How to define aspects efficiently.


Defining the model’s aspects efficiently is essential for annotating data correctly and eventually building a state-of-the-art model. We can create the aspects for you. You might have them created or build them together. In any case, we share here seven tips for making the most pertinent aspects for your custom models!

Tip 1: Prominence

Try to capture topics that "stick out" and be more specific wherever this is possible. For example, in the software industry, we could use different aspects such as “app”, “desktop app” or “mobile app”, depending on how detailed the data is. On the other hand, if the information generally only mentions an app, we can’t be more specific, and we should call the aspect something like “app general”.

Tip 2: Overlapping

Be aware of overlapping meaning to avoid creating aspects corresponding to similar content. For example, the aspects “support” and “customer center” would be overlapping factors for customer data, as they would be used on the same text segments during labeling.

Tip 3: Removing an aspect

Make sure that a label is relevant to your data, and you use it during labeling before you add it to your aspects list. After spending some time on data annotation, you can permanently remove it from your aspects list if you realize that you never use an aspect. For example, if I have customer data and define the aspect “mobile app” then notice that the particular aspect is not used during labeling, I should remove it.

Tip 4: Adding an aspect

While annotating data, you might feel like an aspect is missing from the aspects list as you would like to use it during labeling.
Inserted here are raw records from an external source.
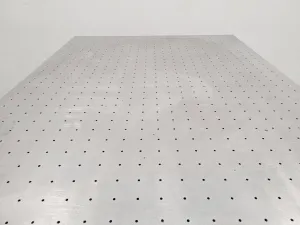 Ealing Optical Isolation Tabletop Breadboard 154x120x25cm on Bench 156x92x72cm, 8 of 11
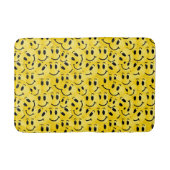 Tapis de bain moyen fait sur commande (Devant)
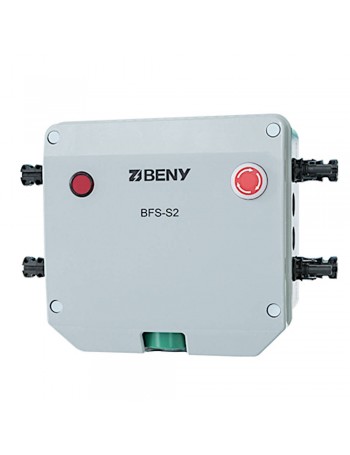 ZBeny 2-string fire safety switch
In this case, you can always add the needed aspect to your aspects list. Just make sure that you need this aspect and that there is more than one example where it appears.

Tip 5: Difficulty

Try to define an aspect with a simple word and not use complicated language or abstract concepts. For example, if you have to define aspects for a financial model, it is better to determine “expenses” than “deduction”.
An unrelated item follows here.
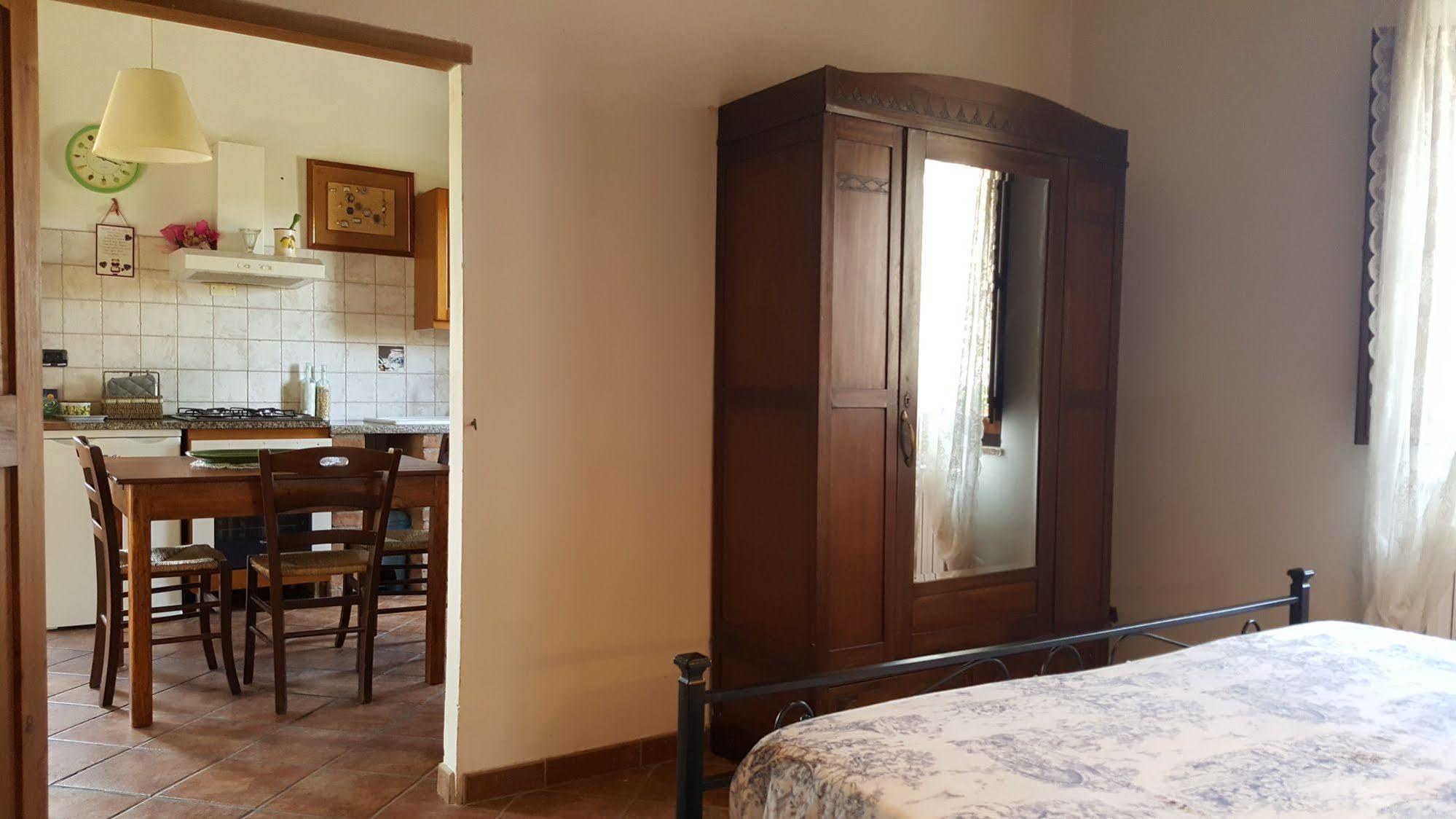 Casa Vacanze Fornace Buonconvento Kültér fotó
Tip 6: Subjective opinion space

Keep in mind that we try to cover as much personal opinion space as we can. Meaning that people talk in a specific way, using particular words, and are interested in specific aspects of a product depending on the product’s industry. For example, people usually talk about the “engine”, the “wheels/tires”, etc. Our goal is to capture these aspects, which are essential for a product, to process as many text/reviews as possible. By capturing these aspects, we understand how the market “talks” about a product.

Tip 7: Annotators' cognitive effort

Lastly, since the data will be labeled manually by annotators, we should consider their cognitive effort. Creating many aspects that are difficult to understand will significantly increase the annotators’ work and lead to a more flawed result. For this reason, we should consider whether we would be happy with the existing aspects list as an annotator before we finalize our aspects list.